SergeyKostrov · ‎12-14-2012

cagribal, What is a chance that your number(s) will be greater than 2^53? Please ask yourself. Then, if you're not counting number of atoms in the Universe ( ~10^80 ) than a definition of two ranges, that is a safe and not-safe, for my numbers should bring clarity to your uncertanties. Let's say you have a data set. Define safe and not-safe ranges. Pre-scan the data set and verify that all numbers are in the safe range and only after that do all the rest processing. If some numbers are not-safe than create a vector of not-safe numbers and save all indexes of these numbers for additional analysis. If you don't need to do the additional analysis than simply truncate all unsafe numbers to a max or min values of the safe range. This is what I would do and I use that solution in a real implementation of a Pigeonhole Sorting algorithm to sort only positive integer numbers. I would move ahead with practical implementation of a needed processing and, as I already menrioned, I would define safe and not-safe ranges first of all. Also, if your software is a mission critical ( healthcare, finance, defense, aerospace, etc ) then the problem has to be treated seriously with as many as possible verifications by different software developers. If your software is not mission critical ( R&D, thesis, do-it-because-have-nothing-else-to-do, etc ) some number of simple verifications will provide everything you need. Best regards, Sergey

Bernard · ‎12-14-2012

@Sergey Great post.

Patrick_F_Intel1 · ‎12-15-2012

Not to beat a horse to death but... [plain] What is a chance that your number(s) will be greater than 2^53? Please ask yourself. Then, if you're not counting number of atoms in the Universe ( ~10^80 ) than a definition of two ranges, that is a safe and not-safe, for my numbers should bring clarity to your uncertanties. [/plain] In a double precision number you have about 15 digits of precision. The US GDP is $15 trillion (14 digits). In Indian rupees, the number exceeds the precision of a double. So it is actually not too hard to exceed the number of significant digits in a double... depending on the area in which one is working. The rest of the advice is pretty good. I was assuming that cagribal was just loading the INTs into AVX for sorting (so no modification of the data... pure-read access). If this is true then he can do simple range checking when gets ready to sort the data. Pat

SergeyKostrov · ‎12-15-2012

Patrick, I did a search in Intel(R) AVX compiler intrinsics header immintrin.h and I wonder if another intrinsic function could be used instead of: ... __m256d reg = _mm256_loadu_pd( ( double * )intPtr ); ... Since there is a union __m256i then I would expect an intrinsic function that does a similar operation like: ... __m256i reg = _mm256_load?_???64?( ( __int64 * )intPtr ); ... Could a _mm256_set1_epi64x ( or some similar intrinsic function ) do the same without all issues & problems related to __int64-to-double cast?

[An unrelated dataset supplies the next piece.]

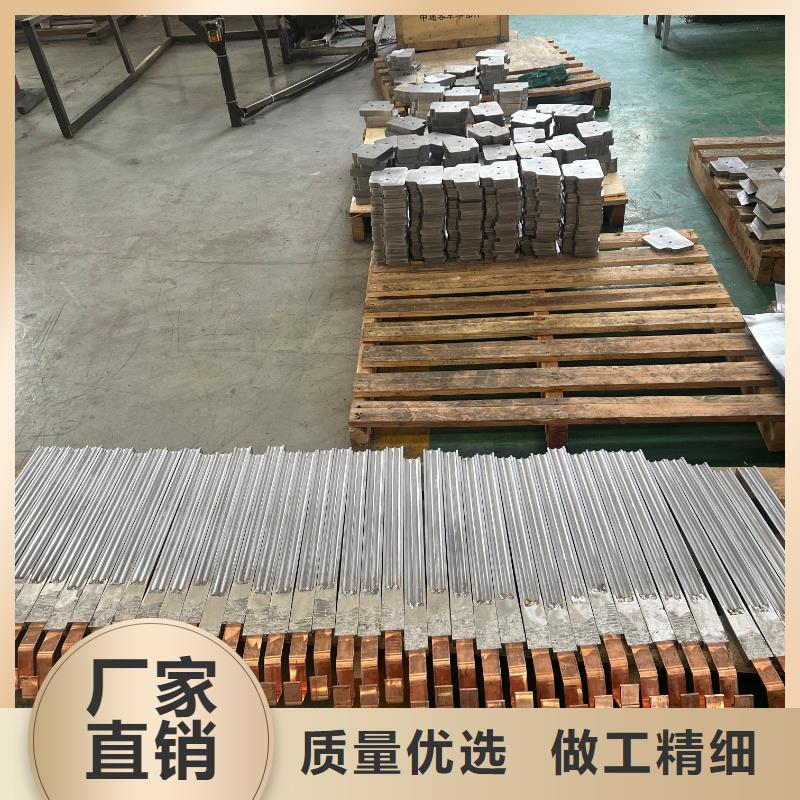 医用传递窗品质保证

Patrick_F_Intel1 · ‎12-16-2012

Hey Sergey, I'm not sure quite sure I understand... the __int64-to-double cast is working as expected (as far as I can tell). Other than having int64 AVX instructions, what would you like the new intrinsic to do? Pat

SergeyKostrov · ‎12-16-2012

>>... what would you like the new intrinsic to do? Exactly the same operation, that is to load 4 __int64 values into the reg variable of type __m256i: Instead of __m256d reg = _mm256_loadu_pd( ( double * )intPtr ); to use this __m256i reg = _mm256_load?_???64?( ( __int64 * )intPtr ); Could you take a look at declarations of __m256d and __m256i C unions in immintrin.h header file?